WHAT THE EXERCISE ASKS
Exact repetition is required: output every record in full.

RECORD EXCERPTS
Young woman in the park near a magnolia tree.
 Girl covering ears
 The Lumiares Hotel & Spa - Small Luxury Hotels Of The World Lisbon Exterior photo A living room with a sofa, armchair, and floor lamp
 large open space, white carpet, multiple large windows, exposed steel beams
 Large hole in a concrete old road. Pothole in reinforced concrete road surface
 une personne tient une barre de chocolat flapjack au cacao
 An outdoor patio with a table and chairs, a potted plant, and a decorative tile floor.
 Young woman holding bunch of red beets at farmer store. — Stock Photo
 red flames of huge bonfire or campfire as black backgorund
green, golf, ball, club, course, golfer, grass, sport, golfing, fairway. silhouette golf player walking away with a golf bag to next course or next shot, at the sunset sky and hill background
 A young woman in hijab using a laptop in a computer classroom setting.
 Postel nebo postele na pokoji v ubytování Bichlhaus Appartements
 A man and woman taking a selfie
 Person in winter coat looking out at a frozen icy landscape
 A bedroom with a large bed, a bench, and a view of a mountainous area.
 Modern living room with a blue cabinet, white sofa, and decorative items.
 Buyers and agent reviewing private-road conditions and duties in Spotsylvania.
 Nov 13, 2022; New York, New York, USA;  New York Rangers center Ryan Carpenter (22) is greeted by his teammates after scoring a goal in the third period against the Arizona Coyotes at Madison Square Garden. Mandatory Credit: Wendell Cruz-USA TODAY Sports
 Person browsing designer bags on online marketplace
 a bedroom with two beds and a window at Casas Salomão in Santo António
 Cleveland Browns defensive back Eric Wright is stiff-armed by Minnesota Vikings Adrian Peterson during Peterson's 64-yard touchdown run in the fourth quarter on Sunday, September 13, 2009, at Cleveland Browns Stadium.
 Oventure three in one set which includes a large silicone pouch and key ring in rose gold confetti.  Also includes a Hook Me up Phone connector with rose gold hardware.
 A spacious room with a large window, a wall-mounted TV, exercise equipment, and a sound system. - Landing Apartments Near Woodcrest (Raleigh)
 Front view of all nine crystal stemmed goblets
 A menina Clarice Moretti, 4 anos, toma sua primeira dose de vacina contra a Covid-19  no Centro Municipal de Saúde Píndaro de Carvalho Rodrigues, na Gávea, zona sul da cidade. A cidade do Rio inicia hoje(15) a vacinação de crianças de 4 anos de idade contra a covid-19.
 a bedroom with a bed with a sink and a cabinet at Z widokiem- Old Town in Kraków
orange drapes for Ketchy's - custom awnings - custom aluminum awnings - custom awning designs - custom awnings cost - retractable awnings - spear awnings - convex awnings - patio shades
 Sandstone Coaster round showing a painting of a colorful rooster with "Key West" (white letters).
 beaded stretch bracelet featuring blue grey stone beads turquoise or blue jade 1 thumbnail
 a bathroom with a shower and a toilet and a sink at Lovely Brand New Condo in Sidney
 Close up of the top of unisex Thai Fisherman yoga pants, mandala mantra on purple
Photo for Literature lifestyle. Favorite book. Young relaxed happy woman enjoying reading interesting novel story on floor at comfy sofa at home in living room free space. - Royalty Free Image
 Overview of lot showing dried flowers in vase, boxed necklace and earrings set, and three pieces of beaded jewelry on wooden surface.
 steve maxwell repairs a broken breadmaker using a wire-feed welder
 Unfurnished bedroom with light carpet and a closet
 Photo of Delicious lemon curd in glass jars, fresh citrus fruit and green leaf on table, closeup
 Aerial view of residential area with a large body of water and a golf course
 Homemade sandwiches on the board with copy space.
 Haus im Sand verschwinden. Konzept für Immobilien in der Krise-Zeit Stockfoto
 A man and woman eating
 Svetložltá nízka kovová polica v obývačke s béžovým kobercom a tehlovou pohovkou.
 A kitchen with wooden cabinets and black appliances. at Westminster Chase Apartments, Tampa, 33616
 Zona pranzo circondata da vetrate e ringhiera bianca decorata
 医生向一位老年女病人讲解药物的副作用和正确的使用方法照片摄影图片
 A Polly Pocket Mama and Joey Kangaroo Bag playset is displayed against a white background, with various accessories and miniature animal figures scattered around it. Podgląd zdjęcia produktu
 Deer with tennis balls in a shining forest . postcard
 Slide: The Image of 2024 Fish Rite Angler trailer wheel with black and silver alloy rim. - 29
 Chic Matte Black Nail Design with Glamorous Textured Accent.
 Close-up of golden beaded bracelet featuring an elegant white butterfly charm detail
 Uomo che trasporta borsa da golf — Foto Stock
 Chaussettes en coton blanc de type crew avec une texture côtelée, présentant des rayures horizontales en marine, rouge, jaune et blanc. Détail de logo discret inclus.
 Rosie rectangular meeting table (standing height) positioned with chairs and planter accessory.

EXPECTED ANSWER
Young woman in the park near a magnolia tree.
 Girl covering ears
 The Lumiares Hotel & Spa - Small Luxury Hotels Of The World Lisbon Exterior photo A living room with a sofa, armchair, and floor lamp
 large open space, white carpet, multiple large windows, exposed steel beams
 Large hole in a concrete old road. Pothole in reinforced concrete road surface
 une personne tient une barre de chocolat flapjack au cacao
 An outdoor patio with a table and chairs, a potted plant, and a decorative tile floor.
 Young woman holding bunch of red beets at farmer store. — Stock Photo
 red flames of huge bonfire or campfire as black backgorund
green, golf, ball, club, course, golfer, grass, sport, golfing, fairway. silhouette golf player walking away with a golf bag to next course or next shot, at the sunset sky and hill background
 A young woman in hijab using a laptop in a computer classroom setting.
 Postel nebo postele na pokoji v ubytování Bichlhaus Appartements
 A man and woman taking a selfie
 Person in winter coat looking out at a frozen icy landscape
 A bedroom with a large bed, a bench, and a view of a mountainous area.
 Modern living room with a blue cabinet, white sofa, and decorative items.
 Buyers and agent reviewing private-road conditions and duties in Spotsylvania.
 Nov 13, 2022; New York, New York, USA;  New York Rangers center Ryan Carpenter (22) is greeted by his teammates after scoring a goal in the third period against the Arizona Coyotes at Madison Square Garden. Mandatory Credit: Wendell Cruz-USA TODAY Sports
 Person browsing designer bags on online marketplace
 a bedroom with two beds and a window at Casas Salomão in Santo António
 Cleveland Browns defensive back Eric Wright is stiff-armed by Minnesota Vikings Adrian Peterson during Peterson's 64-yard touchdown run in the fourth quarter on Sunday, September 13, 2009, at Cleveland Browns Stadium.
 Oventure three in one set which includes a large silicone pouch and key ring in rose gold confetti.  Also includes a Hook Me up Phone connector with rose gold hardware.
 A spacious room with a large window, a wall-mounted TV, exercise equipment, and a sound system. - Landing Apartments Near Woodcrest (Raleigh)
 Front view of all nine crystal stemmed goblets
 A menina Clarice Moretti, 4 anos, toma sua primeira dose de vacina contra a Covid-19  no Centro Municipal de Saúde Píndaro de Carvalho Rodrigues, na Gávea, zona sul da cidade. A cidade do Rio inicia hoje(15) a vacinação de crianças de 4 anos de idade contra a covid-19.
 a bedroom with a bed with a sink and a cabinet at Z widokiem- Old Town in Kraków
orange drapes for Ketchy's - custom awnings - custom aluminum awnings - custom awning designs - custom awnings cost - retractable awnings - spear awnings - convex awnings - patio shades
 Sandstone Coaster round showing a painting of a colorful rooster with "Key West" (white letters).
 beaded stretch bracelet featuring blue grey stone beads turquoise or blue jade 1 thumbnail
 a bathroom with a shower and a toilet and a sink at Lovely Brand New Condo in Sidney
 Close up of the top of unisex Thai Fisherman yoga pants, mandala mantra on purple
Photo for Literature lifestyle. Favorite book. Young relaxed happy woman enjoying reading interesting novel story on floor at comfy sofa at home in living room free space. - Royalty Free Image
 Overview of lot showing dried flowers in vase, boxed necklace and earrings set, and three pieces of beaded jewelry on wooden surface.
 steve maxwell repairs a broken breadmaker using a wire-feed welder
 Unfurnished bedroom with light carpet and a closet
 Photo of Delicious lemon curd in glass jars, fresh citrus fruit and green leaf on table, closeup
 Aerial view of residential area with a large body of water and a golf course
 Homemade sandwiches on the board with copy space.
 Haus im Sand verschwinden. Konzept für Immobilien in der Krise-Zeit Stockfoto
 A man and woman eating
 Svetložltá nízka kovová polica v obývačke s béžovým kobercom a tehlovou pohovkou.
 A kitchen with wooden cabinets and black appliances. at Westminster Chase Apartments, Tampa, 33616
 Zona pranzo circondata da vetrate e ringhiera bianca decorata
 医生向一位老年女病人讲解药物的副作用和正确的使用方法照片摄影图片
 A Polly Pocket Mama and Joey Kangaroo Bag playset is displayed against a white background, with various accessories and miniature animal figures scattered around it. Podgląd zdjęcia produktu
 Deer with tennis balls in a shining forest . postcard
 Slide: The Image of 2024 Fish Rite Angler trailer wheel with black and silver alloy rim. - 29
 Chic Matte Black Nail Design with Glamorous Textured Accent.
 Close-up of golden beaded bracelet featuring an elegant white butterfly charm detail
 Uomo che trasporta borsa da golf — Foto Stock
 Chaussettes en coton blanc de type crew avec une texture côtelée, présentant des rayures horizontales en marine, rouge, jaune et blanc. Détail de logo discret inclus.
 Rosie rectangular meeting table (standing height) positioned with chairs and planter accessory.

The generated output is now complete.